Early life and education
Born in Cairo in 1914, Henien was the son of Sadek Henein Pacha, a coptic diplomat father and Mary Zanelli, an Italian-Egyptian mother. Henein spent his childhood between Cairo, Madrid, Rome and Paris where he would eventually study at the Lycée Pasteur de Neuily and the Sorbonne. Because of his education abroad, he was fluent in Arabic, Italian, Greek, English and French. While in France, Henein met André Breton and Henri Calet. He established a friendship with Breton and began a correspondence with him in which Henein "grappled with questions of how to fuse revolutionary Marxism with Surrealism."

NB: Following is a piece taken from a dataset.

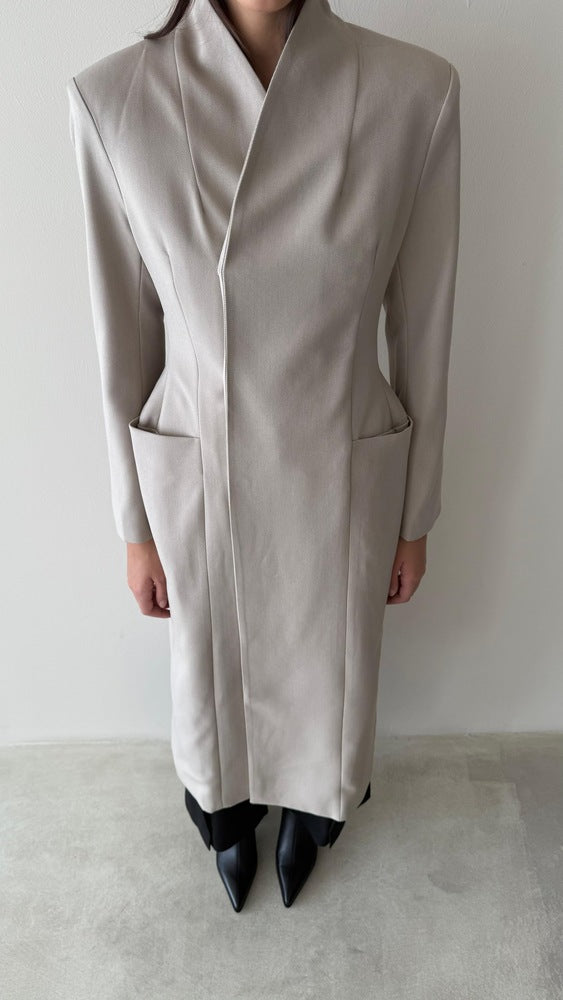 3 Buttons Pocketed Long Blazer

Before graduating from the Sorbonne, Henein joined Les Essayistes ("The Attempters"), a Francophone literary club, and took part in its monthly publication Un Effort. In 1933 he became a columnist in Egyptian newspapers, notable for his enlightening or nasty tone.

Writing career 
Back from Paris in the 1930s, he spread surrealism in Cairo by founding the group Art et Liberté (Albert Cossery was a member), and then by creating the journal (and publishing house) La Part du Sable with poet Edmond Jabès and painter Ramsès Younane. In 1938, Georges met surrealist poet, Ikbal El-Alailly, also known as Paula, who he would marry in 1954. Together, along with several other surrealists from Art and Liberty, they worked on a surrealist publication of writings and drawings titled La séance continue. When he died, she published several of his works in French such as Notes on a Useless Country, The Gloomiest Relation, and the Savage Spirit. In 1939 he cofounded a weekly, Don Quichotte, together with Henri Curiel and Raoul Curiel. Henein participated in the journal Troisième Convoi (1945–1951), created by his friend Michel Fardoulis-Lagrange and Jean Maquet. 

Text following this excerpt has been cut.